Hence Swedish fund management companies may not benefit from any derogations to the provisions on variable remuneration, but are obliged to apply the provisions on deferral and pay out in instruments regardless of the size of the remuneration and the size of the company. As has already been established for investments firms, such application is not proportionate. It is associated with disproportionate costs to apply these rules to smaller amounts of variable remuneration.

This means that fund management companies have to bear costs that other financial institutions do not have, which creates an unlevel-playing-field. In many cases the administrative burden has led to the removal of variable remuneration. This, of course, has a negative effect on the ability to recruit and retain staff. To compensate, the fixed salaries have to be raised, which is problematic from a competition point of view but also to the clients. When fund management companies have to refrain from variable remuneration, there is no longer the link between remuneration and result that many investors find desirable. It also, in general, increases the fixed overheads, which is a disadvantage.

The different provisions also cause problems when fund management companies delegate management to an investment firm. The ESMA guidelines on sound remuneration policies under the UCITS Directive and AIFMD state that the provisions must not be circumvented in the event of delegation and that this must be ensured through agreements. The fund management company must therefore require the investment firm to comply with the stricter requirements that apply to the fund management company, which creates an obstacle to delegation.

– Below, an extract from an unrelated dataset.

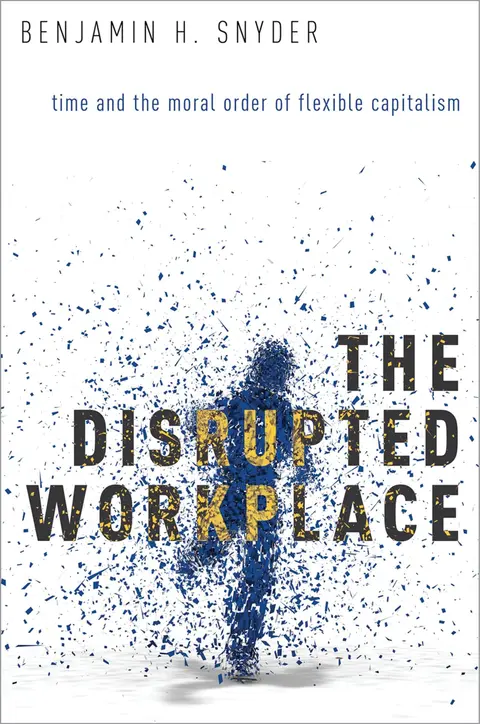 Cover of The Disrupted Workplace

Consequently, it is urgent that the provisions on remuneration policies applicable to fund management companies be revised to achieve a level-playing-field with investment firms.

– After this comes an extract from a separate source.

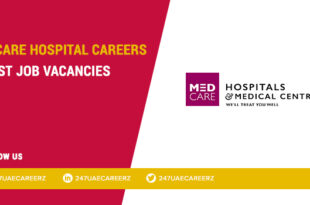 Medcare Hospital Careers 2026 | Customer Care Associate & Healthcare Jobs in Dubai
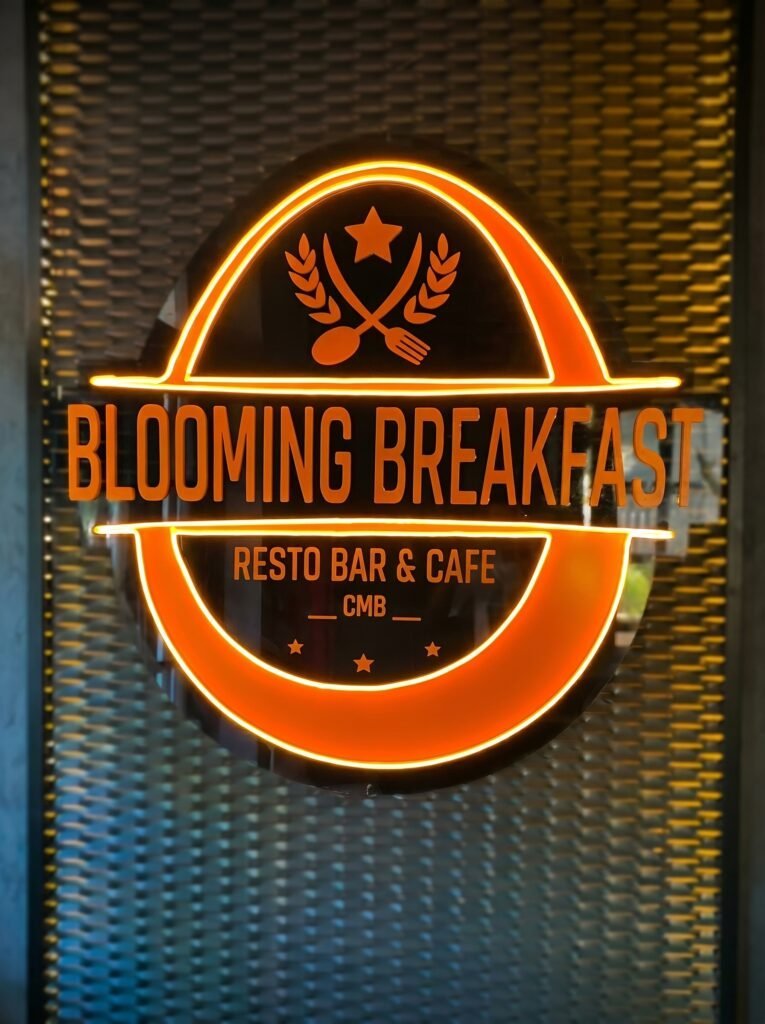 Blooming Breakfast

Q29. Are the different provisions, criteria and thresholds regarding the application of derogations to the provisions on variable remuneration, and that they apply to all investment firms equally without consideration of their specific business model, a concern to firms regarding the level playing field between different investment firms (class 1 minus under CRD and class 2 under IFD), UCITS management companies and AIFMs, e.g. in terms of the application of the remuneration provisions, the ability to recruit and retain talent or with regard to the costs for applying the deferral and pay out in instruments requirements? Please provide a reasoning for your position and if possible, quantify the impact on costs and numbers of identifies staff to whom remuneration provisions regarding deferral and pay out in instruments need to be applied.

As stated in our answer to Q 27 it is important that the same explicit derogations to the deferral and pay out in instruments requirements as in the IFD are introduced in the UCITS Directive and the AIFMD.

This would provide legal certainty to fund managers, reduce unproportionate costs for smaller companies and lower remunerations, and ensure a level-playing-field.

In Sweden applying the deferral and pay out in instruments requirements are, due to legal uncertainty, mandatory to all remuneration to identified staff, regardless of how small the remuneration is. Administrative costs consist of IT systems, human resources and consulting, which are estimated at between €100,000 and €500,000 as one-off costs, and between €50,000 and €200,000 in annual costs. The fact that smaller fund management companies must bear theses costs that other financial institutions do not have creates an unlevel-playing-field.

In many cases smaller companies will not be able to take those costs but will have to remove the variable remuneration. This will have a negative effect on their ability to recruit and retain staff compared to other financial institutions that may benefit from derogations. A raise of the fixed salaries to compensate is also problematic from a competition point of view since it will increase fixed overheads. It is often not desirable to clients that the link between remuneration and result is removed, why the removal of variable remuneration in itself could be a competitive disadvantage for fund managers.